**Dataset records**
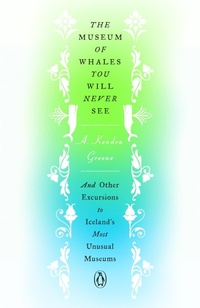 Abbildung von: The Museum of Whales You Will Never See - Penguin USA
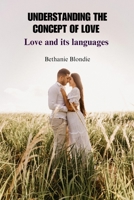 Understanding the Concept of Love: Love and its languages B0C126NJCN Book Cover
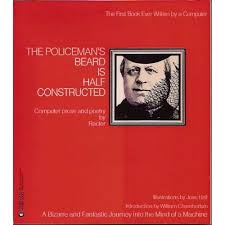 Amazon Com The Policeman S Beard Is Half Constructed Computer Prose And Poetry By Racter The First Book Ever Wrritten By A Co Prose Books Book Worth Reading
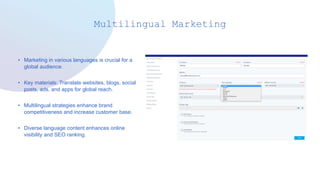 Multilingual Marketing
• Marketing in various languages is crucial for a
global audience.
• Key materials: Translate websites, blogs, social
posts, ads, and apps for global reach.
• Multilingual strategies enhance brand
competitiveness and increase customer base.
• Diverse language content enhances online
visibility and SEO ranking.
 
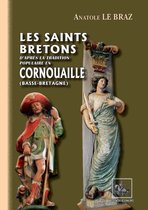 Arremouludas - Les Saints bretons d'après la tradition populaire en Cornouaille (Basse-Bretagne)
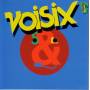 Voisix - Stop Look & Listen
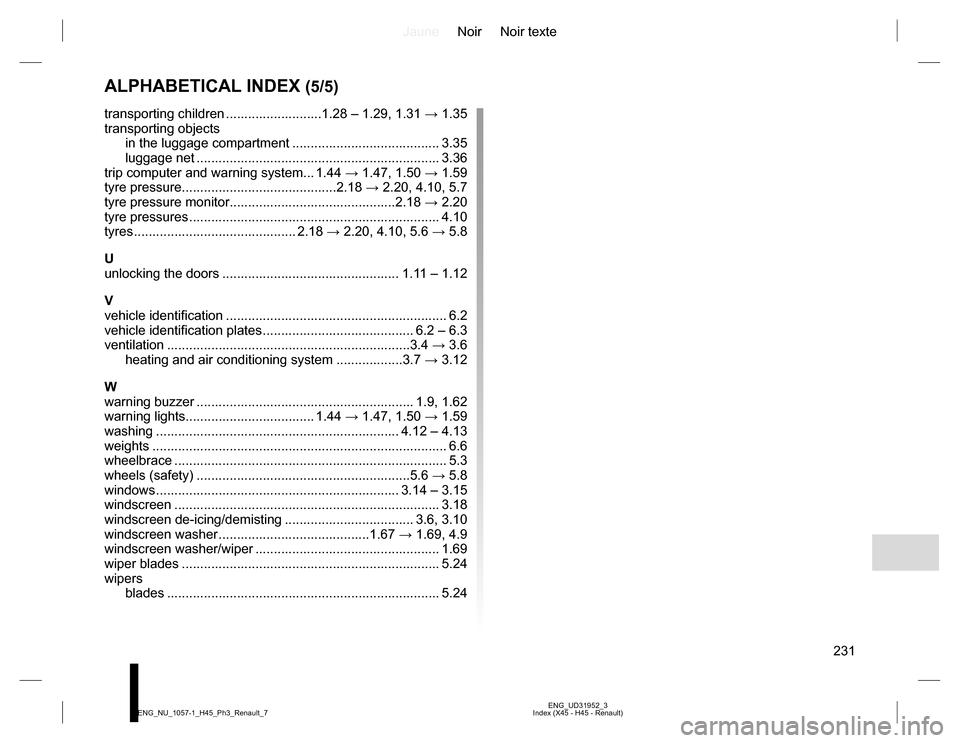 RENAULT KOLEOS 2015 1.G Owners Manual JauneNoir Noir texte
231
ENG_UD31952_3
Index (X45 - H45 - Renault) ENG_NU_1057-1_H45_Ph3_Renault_7
ALPHABETICAL INDEX (5/5)
transporting children ..........................1.28 – 1.29, 1.31 → 1.35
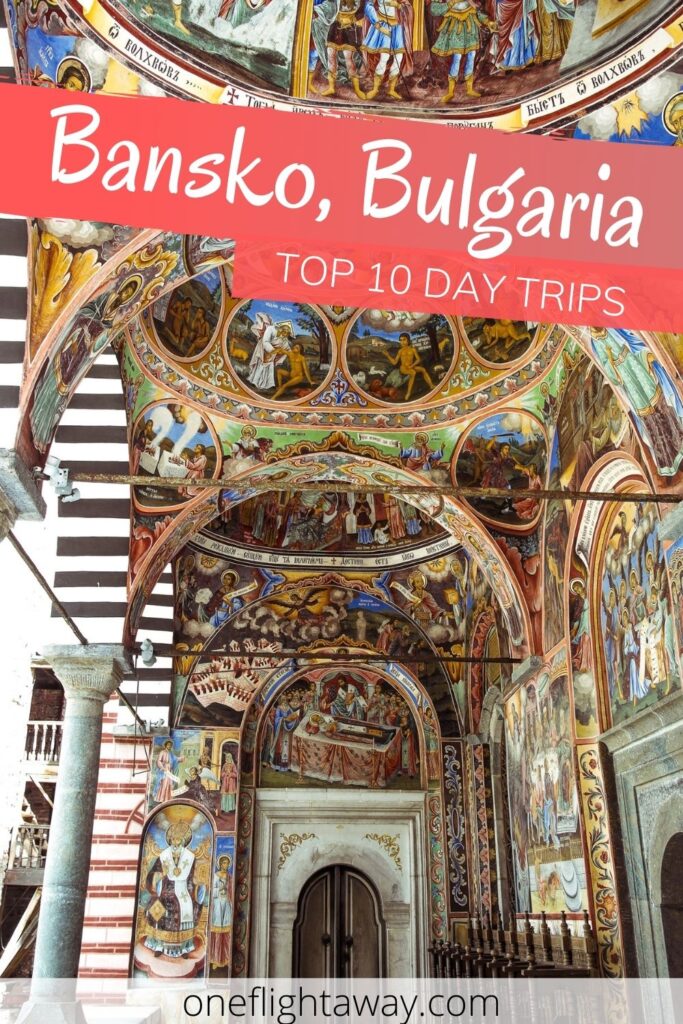 Bansko, Bulgaria - Top 10 Day Trips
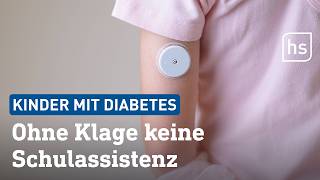 Eltern am Limit Keine Schulbegleitung für Kinder mit Diabetes  hessenschau [upl. by Diandra81]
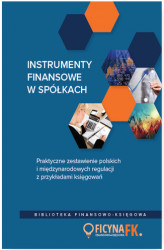 Okładka: Instrumenty finansowe w spółkach. Praktyczne zestawienie polskich i międzynarodowych regulacji z przykładami księgowań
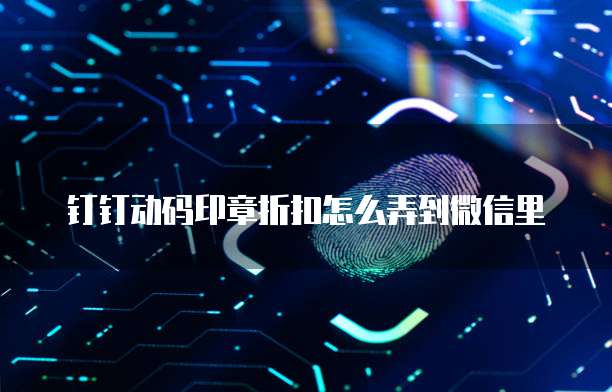 钉钉动码印章折扣怎么弄到微信里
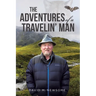 The Adventures of a Travelin' Man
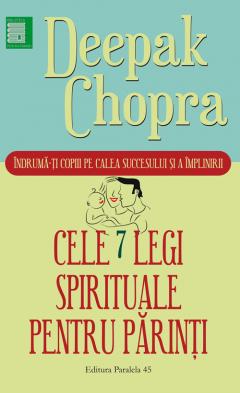 Cele sapte legi spirituale pentru parinti Deepak Chopra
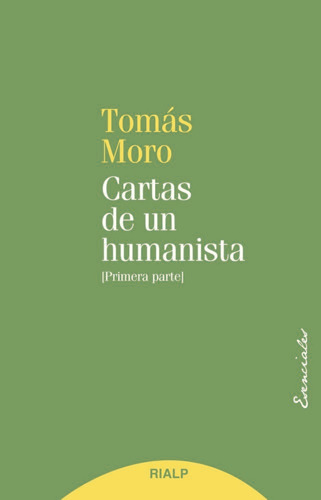 Cartas De Un Humanista Primera Parte - Moro,tomas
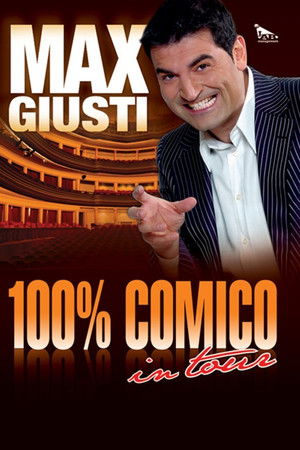 Max Giusti: 100% comico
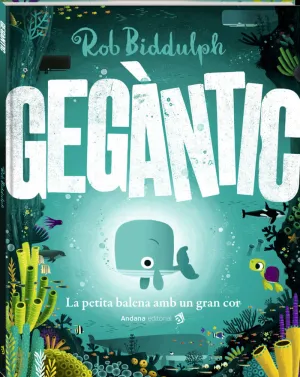 GEGANTIC,LA PETITA BALENA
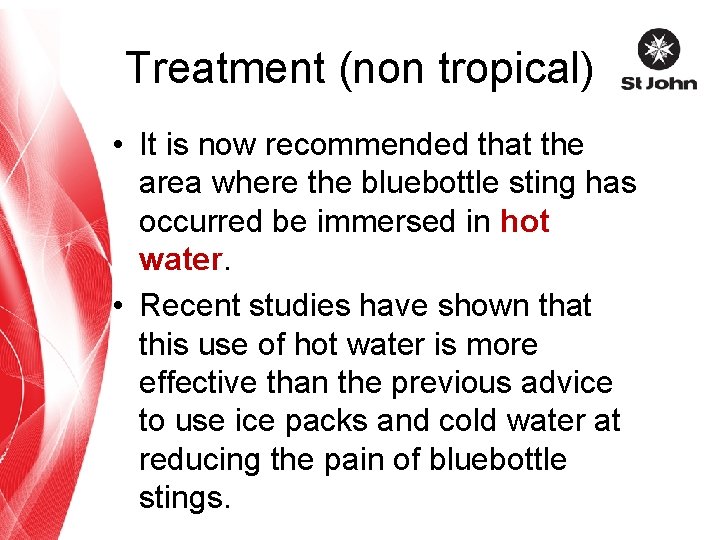 Treatment (non tropical) • It is now recommended that the area where the bluebottle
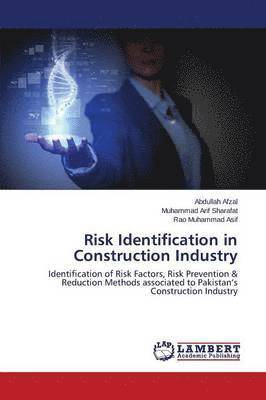 Risk Identification in Construction Industry 1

**Your task**
What is needed is an exact transcription of the lines from the one containing "RENAULT KOLEOS 2015" through the last line of the records above, both included, with no pictures.

**Written answer**
 RENAULT KOLEOS 2015 1.G Owners Manual JauneNoir Noir texte
231
ENG_UD31952_3
Index (X45 - H45 - Renault) ENG_NU_1057-1_H45_Ph3_Renault_7
ALPHABETICAL INDEX (5/5)
transporting children ..........................1.28 – 1.29, 1.31 → 1.35
 Bansko, Bulgaria - Top 10 Day Trips
 Eltern am Limit Keine Schulbegleitung für Kinder mit Diabetes  hessenschau [upl. by Diandra81]
 Okładka: Instrumenty finansowe w spółkach. Praktyczne zestawienie polskich i międzynarodowych regulacji z przykładami księgowań
 钉钉动码印章折扣怎么弄到微信里
 The Adventures of a Travelin' Man
 Cele sapte legi spirituale pentru parinti Deepak Chopra
 Cartas De Un Humanista Primera Parte - Moro,tomas
 Max Giusti: 100% comico
 GEGANTIC,LA PETITA BALENA
 Treatment (non tropical) • It is now recommended that the area where the bluebottle
 Risk Identification in Construction Industry 1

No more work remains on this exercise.